▶ What you will do: Would you print out all of the data exactly and keep the pictures out of it?

▶ Provided material:
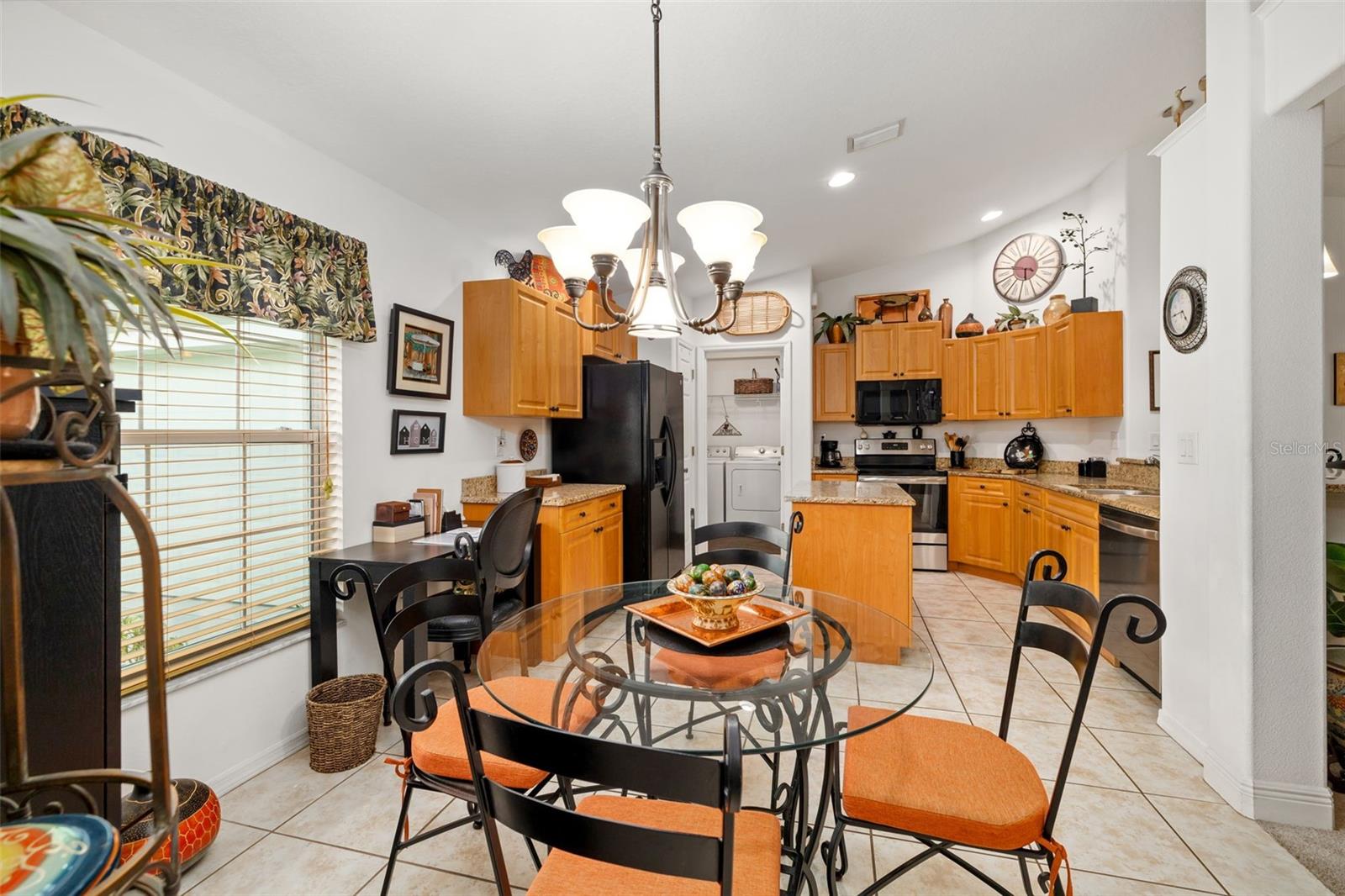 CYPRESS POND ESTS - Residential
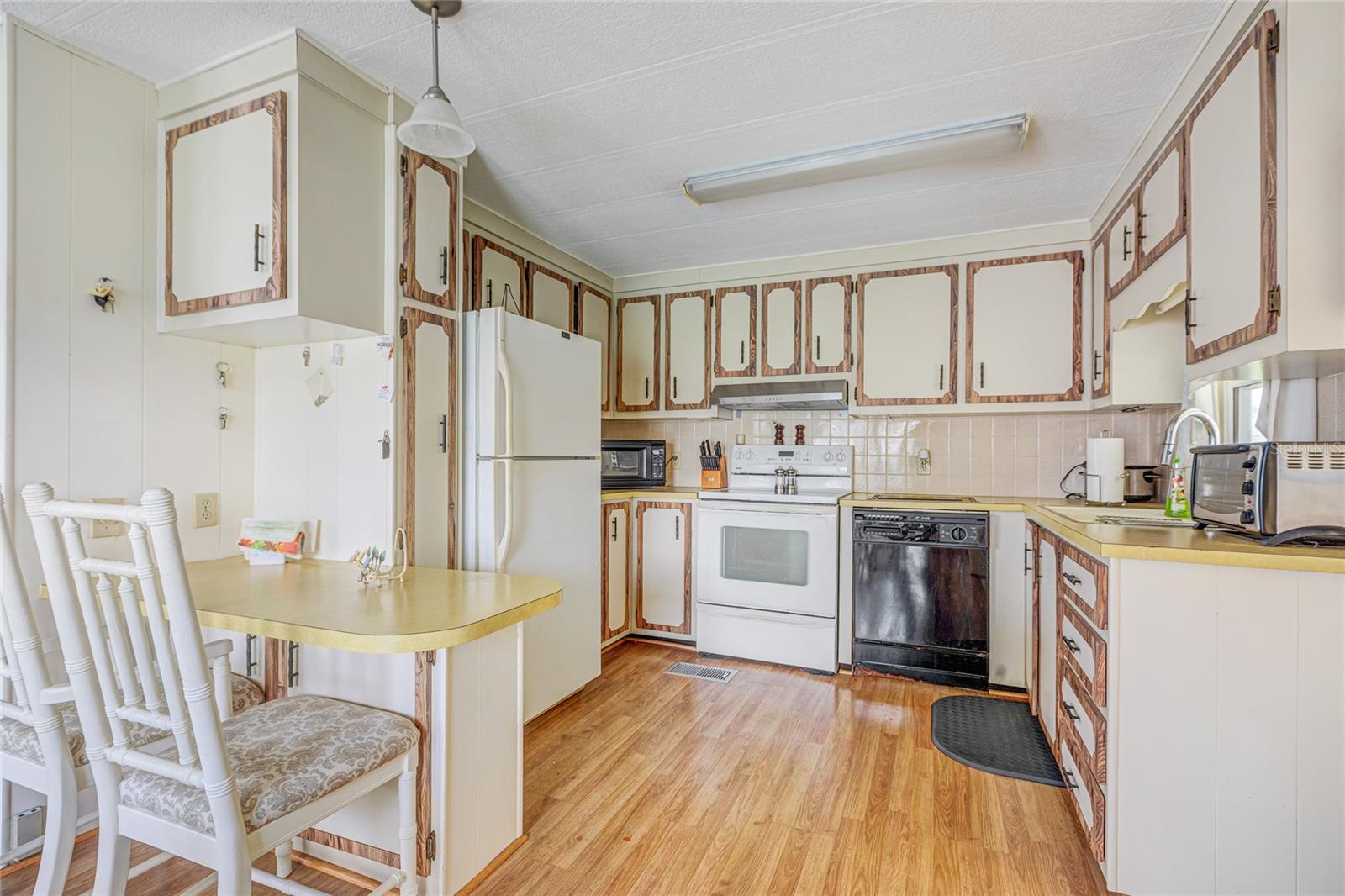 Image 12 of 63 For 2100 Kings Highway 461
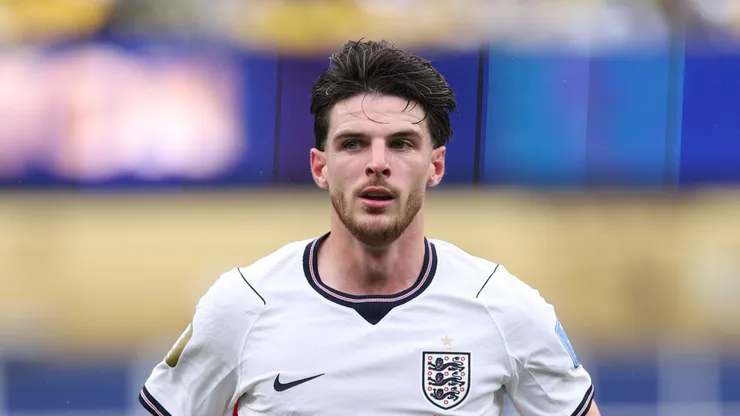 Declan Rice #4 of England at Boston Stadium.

▶ Output for this task:
 CYPRESS POND ESTS - Residential
 Image 12 of 63 For 2100 Kings Highway 461
 Declan Rice #4 of England at Boston Stadium.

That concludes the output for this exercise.